Carlos Fernando Chamorro, the director of Confidencial, scrutinizes his ransacked office in Managua. Photo by Oswaldo Rivas
By mid-2019, more than ninety Nicaraguan journalists, including Chamorro and Pineda, had embarked on exile in Costa Rica.

Carlos Fernando Chamorro and his wife at Managua airport, back from exile in Costa Rica. Photo by Oswaldo Rivas
Attacks on press freedom remained at historically high levels. From April 2018 to March 2019, press freedom violations increased by more than a thousand percent compared to last year, according to the Violeta Barrios de Chamorro Foundation. Sixty-one cases of violence against journalists have been documented between December 2019 and February 2020, as well as three hundred and thirty-eight cases of press freedom violations between January and November 2020.

Arlen Cerda, editor-in-chief of Confidencial, is dismissed from his post at the national police headquarters, Plaza El Sol. Cerda and Carlos Fernando Chamorro, his boss, were trying to investigate why the police had raided their office. Photo by Oswaldo Rivas
In October 2020, the National Assembly approved a set of laws that criminalize and promote censorship of journalism. A cybercrime law, for example, makes spreading “fake news” punishable by up to five years in prison. The Foreign Agents Law – which requires Nicaraguan groups, including the media, to register as “foreign agents” if they receive funding from outside the country, even indirectly – has led to the closure of the Violeta Barrios de Chamorro Foundation, pen
The Nicaraguan Chapter of International and other non-profit media organizations.
In recent months, several Nicaraguan journalists have been prosecuted. The national police searched their homes. Ortega supporters assaulted journalists. At the end of May, the police searched Esta Semana and Confidential again; they detained a cameraman, Leonel Gutiérrez, the only person present in the newsroom at the time. On the same day, police arrested and assaulted journalist Luis Sequeira, correspondent for Agence France-Presse, who was quickly released.

Riot police line up in front of the 100% Noticias building. They blocked access to the press room during the arrests of Miguel Mora and Lucía Pineda. Photo by Oswaldo Rivas
In May, the Interior Ministry summoned Cristiana Chamorro – a prominent journalist, former director of the Violeta Barrios de Chamorro Foundation and daughter of the president who beat Ortega in 1990 – and two other former officials to investigate alleged inconsistencies in the financial statements of the Violeta Barrios de Chamorro Foundation. Under threat of money laundering charges, the foundation, which monitored press freedom in the country, closed its doors in February.

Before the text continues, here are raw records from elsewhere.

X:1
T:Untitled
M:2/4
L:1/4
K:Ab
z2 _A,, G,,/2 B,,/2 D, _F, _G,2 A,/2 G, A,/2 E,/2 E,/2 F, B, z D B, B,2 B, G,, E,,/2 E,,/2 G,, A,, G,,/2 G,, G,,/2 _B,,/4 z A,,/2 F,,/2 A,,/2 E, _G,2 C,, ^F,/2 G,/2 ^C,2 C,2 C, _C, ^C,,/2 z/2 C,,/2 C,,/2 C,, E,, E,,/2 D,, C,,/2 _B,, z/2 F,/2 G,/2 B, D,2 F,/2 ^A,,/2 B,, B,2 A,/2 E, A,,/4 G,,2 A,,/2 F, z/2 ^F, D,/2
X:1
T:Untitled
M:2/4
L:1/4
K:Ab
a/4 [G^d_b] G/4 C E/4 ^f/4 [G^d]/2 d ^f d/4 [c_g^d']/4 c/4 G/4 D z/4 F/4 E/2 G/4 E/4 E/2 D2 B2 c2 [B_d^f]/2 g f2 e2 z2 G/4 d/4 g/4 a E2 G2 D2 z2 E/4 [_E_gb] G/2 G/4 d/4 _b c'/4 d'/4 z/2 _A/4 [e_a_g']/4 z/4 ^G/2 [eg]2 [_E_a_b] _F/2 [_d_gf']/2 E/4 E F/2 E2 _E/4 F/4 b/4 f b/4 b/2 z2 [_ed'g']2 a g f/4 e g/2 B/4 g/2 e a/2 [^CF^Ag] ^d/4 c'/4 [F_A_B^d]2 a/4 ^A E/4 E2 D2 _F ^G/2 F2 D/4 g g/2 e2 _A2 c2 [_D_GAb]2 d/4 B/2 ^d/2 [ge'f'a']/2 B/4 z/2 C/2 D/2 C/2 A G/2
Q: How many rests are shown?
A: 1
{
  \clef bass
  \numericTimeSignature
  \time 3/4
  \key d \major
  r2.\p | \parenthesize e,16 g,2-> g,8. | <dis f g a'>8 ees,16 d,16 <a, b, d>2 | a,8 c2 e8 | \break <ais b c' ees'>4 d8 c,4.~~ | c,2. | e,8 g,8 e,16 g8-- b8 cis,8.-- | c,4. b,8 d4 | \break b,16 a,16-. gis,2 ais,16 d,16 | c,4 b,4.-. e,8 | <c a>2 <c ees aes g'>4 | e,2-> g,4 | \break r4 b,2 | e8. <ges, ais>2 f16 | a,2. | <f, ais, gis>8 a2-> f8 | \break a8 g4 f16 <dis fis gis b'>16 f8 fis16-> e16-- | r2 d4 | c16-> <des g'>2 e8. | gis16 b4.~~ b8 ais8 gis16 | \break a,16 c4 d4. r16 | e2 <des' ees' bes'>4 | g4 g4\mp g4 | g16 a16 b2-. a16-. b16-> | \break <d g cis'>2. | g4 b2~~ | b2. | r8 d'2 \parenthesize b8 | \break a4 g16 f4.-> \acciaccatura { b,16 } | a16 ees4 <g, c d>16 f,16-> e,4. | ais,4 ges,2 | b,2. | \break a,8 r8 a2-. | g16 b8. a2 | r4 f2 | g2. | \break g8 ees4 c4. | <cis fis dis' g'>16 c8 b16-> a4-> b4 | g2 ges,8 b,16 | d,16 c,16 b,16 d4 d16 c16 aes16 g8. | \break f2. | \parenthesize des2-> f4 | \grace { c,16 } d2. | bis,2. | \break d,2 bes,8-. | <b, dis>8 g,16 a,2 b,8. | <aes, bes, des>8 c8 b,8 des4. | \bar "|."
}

Cristiana Chamorro, former director of the Violeta Barrios de Chamorro Foundation, prepares to speak to reporters shortly after meeting with government officials in Managua in May. Photo by Oswaldo Rivas
Nearly two dozen journalists, following the Ortega investigation, were called to testify under oath. This week, the government added 13 news agencies to its investigation, which world leaders have denounced as a farce. Cristiana Chamorro, a popular personality who is also considering running for president, is currently under house arrest. On Sunday, police arrested Mora — another presidential candidate; the fifth to be arrested––and ransacked his home.
Oswaldo Rivas is an award-winning Nicaraguan photographer. He started in the world of photography in 1988 at the international news agency Nueva Nicaragua (ANN) as a war correspondent covering the country’s civil war. In 1993, he directed the photography of The gallery. From 1997 to 2020, he was part of the Reuters photojournalism team. He is currently working as a freelancer. His work has appeared in the New York Times in the USA, El País in Spain, Gent in Italy, Reform in Mexico, and many other outlets.